[The problem] Below is a listing. Write out exactly its lines between the one holding "Weather Word Worksheet" and the one holding "تصميم ألواح الجدران", inclusive.

[Data for the task]
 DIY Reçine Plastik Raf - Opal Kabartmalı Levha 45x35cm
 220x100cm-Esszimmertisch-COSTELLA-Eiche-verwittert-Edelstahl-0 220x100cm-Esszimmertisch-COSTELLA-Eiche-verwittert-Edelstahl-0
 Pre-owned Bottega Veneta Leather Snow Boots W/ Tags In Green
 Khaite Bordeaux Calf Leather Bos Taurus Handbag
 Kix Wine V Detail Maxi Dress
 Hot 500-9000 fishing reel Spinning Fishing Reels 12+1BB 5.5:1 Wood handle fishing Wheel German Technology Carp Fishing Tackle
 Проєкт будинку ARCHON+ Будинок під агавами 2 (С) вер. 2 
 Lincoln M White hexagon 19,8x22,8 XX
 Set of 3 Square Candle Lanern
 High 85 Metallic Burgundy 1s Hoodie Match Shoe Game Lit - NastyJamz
...
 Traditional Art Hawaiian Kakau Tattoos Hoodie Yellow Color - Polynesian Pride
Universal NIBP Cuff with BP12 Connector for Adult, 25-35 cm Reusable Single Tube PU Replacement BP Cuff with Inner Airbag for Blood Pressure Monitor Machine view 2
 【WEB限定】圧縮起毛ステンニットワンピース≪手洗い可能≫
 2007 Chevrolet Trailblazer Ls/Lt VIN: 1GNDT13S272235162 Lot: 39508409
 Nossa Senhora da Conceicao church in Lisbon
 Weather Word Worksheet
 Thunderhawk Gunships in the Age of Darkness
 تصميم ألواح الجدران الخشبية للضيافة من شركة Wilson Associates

[Exercise output]
 Weather Word Worksheet
 Thunderhawk Gunships in the Age of Darkness
 تصميم ألواح الجدران الخشبية للضيافة من شركة Wilson Associates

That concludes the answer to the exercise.